5. Why published edges evaporate
Nothing here implies the original studies were dishonest. It illustrates the four reasons a published edge routinely fails to reach a live account, all of which are on display above:
- Different instruments. IBS was documented on US equity ETFs and is, by the author's own finding, essentially a US phenomenon. Index CFDs are a different animal.
- Omitted costs. The mean-reversion edge per trade is small. On wide-spread instruments like US500 and the NASDAQ, the spread alone can exceed it, which is why US30, the cheapest of the three, is the only one that ever flirts with profitability.
- No out-of-sample test. Full-sample profit factors above 1 look like edges until you freeze the parameters and walk them forward, at which point most of the advantage disappears.

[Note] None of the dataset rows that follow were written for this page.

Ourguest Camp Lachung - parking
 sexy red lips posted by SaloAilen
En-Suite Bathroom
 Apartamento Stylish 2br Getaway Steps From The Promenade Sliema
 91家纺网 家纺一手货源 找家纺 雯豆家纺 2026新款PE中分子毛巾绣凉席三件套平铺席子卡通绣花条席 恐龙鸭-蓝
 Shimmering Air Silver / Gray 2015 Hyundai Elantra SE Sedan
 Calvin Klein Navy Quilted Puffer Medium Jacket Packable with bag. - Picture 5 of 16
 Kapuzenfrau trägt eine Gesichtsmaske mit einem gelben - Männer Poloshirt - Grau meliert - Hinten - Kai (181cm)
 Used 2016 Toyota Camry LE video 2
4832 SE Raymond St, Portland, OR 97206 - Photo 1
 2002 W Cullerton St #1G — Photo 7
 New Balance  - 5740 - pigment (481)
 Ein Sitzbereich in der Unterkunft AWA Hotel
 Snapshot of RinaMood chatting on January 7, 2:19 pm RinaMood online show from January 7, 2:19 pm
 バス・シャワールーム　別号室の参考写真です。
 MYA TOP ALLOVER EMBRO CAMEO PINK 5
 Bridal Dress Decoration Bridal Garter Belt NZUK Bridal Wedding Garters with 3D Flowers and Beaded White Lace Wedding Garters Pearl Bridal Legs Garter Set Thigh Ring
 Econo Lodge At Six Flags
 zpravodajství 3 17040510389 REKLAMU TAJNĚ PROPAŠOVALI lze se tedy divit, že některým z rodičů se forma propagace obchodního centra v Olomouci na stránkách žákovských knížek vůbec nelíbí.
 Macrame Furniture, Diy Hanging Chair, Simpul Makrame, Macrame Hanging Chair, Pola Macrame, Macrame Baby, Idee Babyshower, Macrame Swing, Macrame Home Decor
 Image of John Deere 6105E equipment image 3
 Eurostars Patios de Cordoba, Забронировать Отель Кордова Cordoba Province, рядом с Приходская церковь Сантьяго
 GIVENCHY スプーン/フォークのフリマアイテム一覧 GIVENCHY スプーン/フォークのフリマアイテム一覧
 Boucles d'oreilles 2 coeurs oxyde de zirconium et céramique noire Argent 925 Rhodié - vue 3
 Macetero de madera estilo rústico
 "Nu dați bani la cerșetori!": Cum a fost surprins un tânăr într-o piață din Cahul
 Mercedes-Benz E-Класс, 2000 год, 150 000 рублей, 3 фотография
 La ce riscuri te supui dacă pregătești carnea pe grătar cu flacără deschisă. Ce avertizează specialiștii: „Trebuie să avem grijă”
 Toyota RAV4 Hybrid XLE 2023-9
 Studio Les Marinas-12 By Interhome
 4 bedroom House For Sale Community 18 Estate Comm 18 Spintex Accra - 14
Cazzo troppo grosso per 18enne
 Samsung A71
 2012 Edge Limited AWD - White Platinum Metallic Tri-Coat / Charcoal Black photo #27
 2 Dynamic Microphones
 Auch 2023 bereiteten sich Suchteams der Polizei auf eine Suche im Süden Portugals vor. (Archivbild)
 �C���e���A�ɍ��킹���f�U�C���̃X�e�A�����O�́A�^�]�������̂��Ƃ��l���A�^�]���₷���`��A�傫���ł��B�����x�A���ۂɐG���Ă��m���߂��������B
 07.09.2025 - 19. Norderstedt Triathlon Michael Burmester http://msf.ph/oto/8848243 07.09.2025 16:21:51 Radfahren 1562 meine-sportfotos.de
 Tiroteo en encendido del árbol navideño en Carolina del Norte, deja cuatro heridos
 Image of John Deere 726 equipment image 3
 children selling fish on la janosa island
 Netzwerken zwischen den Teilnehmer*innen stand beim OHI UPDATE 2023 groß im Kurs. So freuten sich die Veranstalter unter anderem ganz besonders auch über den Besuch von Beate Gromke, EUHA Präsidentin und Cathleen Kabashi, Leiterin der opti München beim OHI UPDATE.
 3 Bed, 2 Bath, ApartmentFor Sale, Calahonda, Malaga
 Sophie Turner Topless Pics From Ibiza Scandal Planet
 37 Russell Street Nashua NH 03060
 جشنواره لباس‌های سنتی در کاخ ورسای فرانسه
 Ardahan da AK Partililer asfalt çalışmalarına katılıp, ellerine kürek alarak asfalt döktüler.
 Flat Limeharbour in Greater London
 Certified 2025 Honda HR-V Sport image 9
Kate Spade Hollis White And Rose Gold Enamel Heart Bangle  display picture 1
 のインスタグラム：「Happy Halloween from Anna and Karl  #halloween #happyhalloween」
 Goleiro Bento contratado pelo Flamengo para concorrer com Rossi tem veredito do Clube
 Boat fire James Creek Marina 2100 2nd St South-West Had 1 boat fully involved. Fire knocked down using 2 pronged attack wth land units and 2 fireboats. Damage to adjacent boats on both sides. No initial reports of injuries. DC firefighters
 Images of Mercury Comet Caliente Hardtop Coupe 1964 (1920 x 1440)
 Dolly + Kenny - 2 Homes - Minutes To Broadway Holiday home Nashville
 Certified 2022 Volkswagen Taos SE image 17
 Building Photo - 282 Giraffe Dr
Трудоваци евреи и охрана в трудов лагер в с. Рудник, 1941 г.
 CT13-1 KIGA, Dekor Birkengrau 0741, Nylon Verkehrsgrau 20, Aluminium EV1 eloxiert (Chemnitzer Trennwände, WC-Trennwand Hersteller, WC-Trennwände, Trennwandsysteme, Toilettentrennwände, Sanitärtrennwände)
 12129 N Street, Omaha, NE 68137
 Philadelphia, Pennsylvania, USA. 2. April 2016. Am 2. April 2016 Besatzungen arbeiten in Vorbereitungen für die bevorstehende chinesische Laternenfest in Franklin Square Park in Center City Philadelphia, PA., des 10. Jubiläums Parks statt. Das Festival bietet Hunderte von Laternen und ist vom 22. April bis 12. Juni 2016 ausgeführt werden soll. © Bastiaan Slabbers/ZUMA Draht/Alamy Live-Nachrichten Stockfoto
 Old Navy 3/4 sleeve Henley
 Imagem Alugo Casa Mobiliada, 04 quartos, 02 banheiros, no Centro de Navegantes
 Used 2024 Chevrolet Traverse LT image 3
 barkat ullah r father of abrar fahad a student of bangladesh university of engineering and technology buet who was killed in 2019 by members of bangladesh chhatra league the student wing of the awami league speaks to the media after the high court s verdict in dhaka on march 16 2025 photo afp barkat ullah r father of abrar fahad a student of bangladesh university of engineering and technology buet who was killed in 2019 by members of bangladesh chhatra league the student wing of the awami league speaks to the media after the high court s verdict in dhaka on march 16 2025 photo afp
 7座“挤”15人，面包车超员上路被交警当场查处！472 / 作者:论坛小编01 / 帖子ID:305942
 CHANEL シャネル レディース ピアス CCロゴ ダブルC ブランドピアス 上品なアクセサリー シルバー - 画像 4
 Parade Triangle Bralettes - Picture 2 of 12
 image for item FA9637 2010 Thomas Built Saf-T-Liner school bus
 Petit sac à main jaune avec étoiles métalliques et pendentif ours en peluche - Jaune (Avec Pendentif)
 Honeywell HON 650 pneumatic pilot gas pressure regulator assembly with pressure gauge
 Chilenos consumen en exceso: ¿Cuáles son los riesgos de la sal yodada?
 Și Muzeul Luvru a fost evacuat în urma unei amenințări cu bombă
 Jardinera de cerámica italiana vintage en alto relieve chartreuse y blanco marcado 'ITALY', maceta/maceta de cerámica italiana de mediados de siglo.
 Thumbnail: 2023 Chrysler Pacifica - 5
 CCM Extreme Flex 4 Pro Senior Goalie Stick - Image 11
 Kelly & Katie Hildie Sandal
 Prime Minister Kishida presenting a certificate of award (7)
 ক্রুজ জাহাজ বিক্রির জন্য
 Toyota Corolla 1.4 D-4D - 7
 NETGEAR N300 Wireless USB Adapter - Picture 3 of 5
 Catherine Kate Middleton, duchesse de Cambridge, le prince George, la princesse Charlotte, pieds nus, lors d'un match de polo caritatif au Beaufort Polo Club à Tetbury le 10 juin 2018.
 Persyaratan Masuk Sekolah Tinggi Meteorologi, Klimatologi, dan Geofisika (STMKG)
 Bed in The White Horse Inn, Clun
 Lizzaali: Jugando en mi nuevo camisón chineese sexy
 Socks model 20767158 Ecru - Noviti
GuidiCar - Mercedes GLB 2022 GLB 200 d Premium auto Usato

- Decay after publication. RSI(2) is the textbook case: a real origin-era effect that arbitrage has steadily competed away, exactly as the drop from a cited ~90% to an observed ~58% suggests.
6. What survives
Two things are worth keeping. First, gap-fill is a genuine statistical regularity, but only for small gaps, and it is better understood as a fact about intraday volatility and noise than as a directional edge. Second, RSI(2) carries a real but faint mean-reversion signal that a lower-cost venue might still use as one input among many. Neither is a standalone, tradable edge on index CFDs after the spread. The honest summary is that the venue and the cost are as decisive as the signal, and a strategy is not validated until it has been tested on the instrument and the cost structure it will actually face.
7. Limitations
Three caveats. First, the cost model is deliberately simple (one representative spread, no commission or slippage), so it is optimistic relative to live execution; this only strengthens the negative conclusion, since real costs would deepen the underperformance. Second, some out-of-sample folds contain few trades, so individual fold statistics are noisy and we lean on the aggregates and on fold-beat counts rather than any single fold. Third, the full-sample figures use the literature's fixed parameters and are descriptive replications; the out-of-sample walk-forward is the part that carries the conclusion, and we keep the two clearly separate. We did not re-test the original venues, so this is a statement about CFD-tradability, not a refutation of the original results on their own data.
8. Conclusion
We took three famous mean-reversion edges and gave each its fair test on the instruments a real trader faces. Gap-fade rests on tiny gaps that carry no tradable edge. The IBS effect's high win rate does not survive contact with a different venue. RSI(2) is a genuine but decayed signal, too sparse to beat the index it trades. After a realistic spread and an honest walk-forward, none of them outperforms simply holding the market. The lesson is not that mean reversion is fake; it is that a backtest in a paper and a position in a live account are separated by costs, venue, and out-of-sample decay, and that the only number worth trusting is the one that survives all three.
References
- Pagonidis, A. S. (2014). The IBS Effect: Mean Reversion in Equity ETFs. NAAIM white paper.
- Connors, L., & Alvarez, C. (2008). Short Term Trading Strategies That Work. TradingMarkets Publishing / Connors Research.
- Stübinger, J., & Schneider, L. (2019). Statistical arbitrage with mean-reverting overnight price gaps on high-frequency data of the S&P 500. Journal of Risk and Financial Management, 12(2), 51.
- Bailey, D. H., & López de Prado, M. (2014). The deflated Sharpe ratio: correcting for selection bias, backtest overfitting, and non-normality. Journal of Portfolio Management, 40(5), 94–107.
- López de Prado, M. (2018). Advances in Financial Machine Learning. Wiley.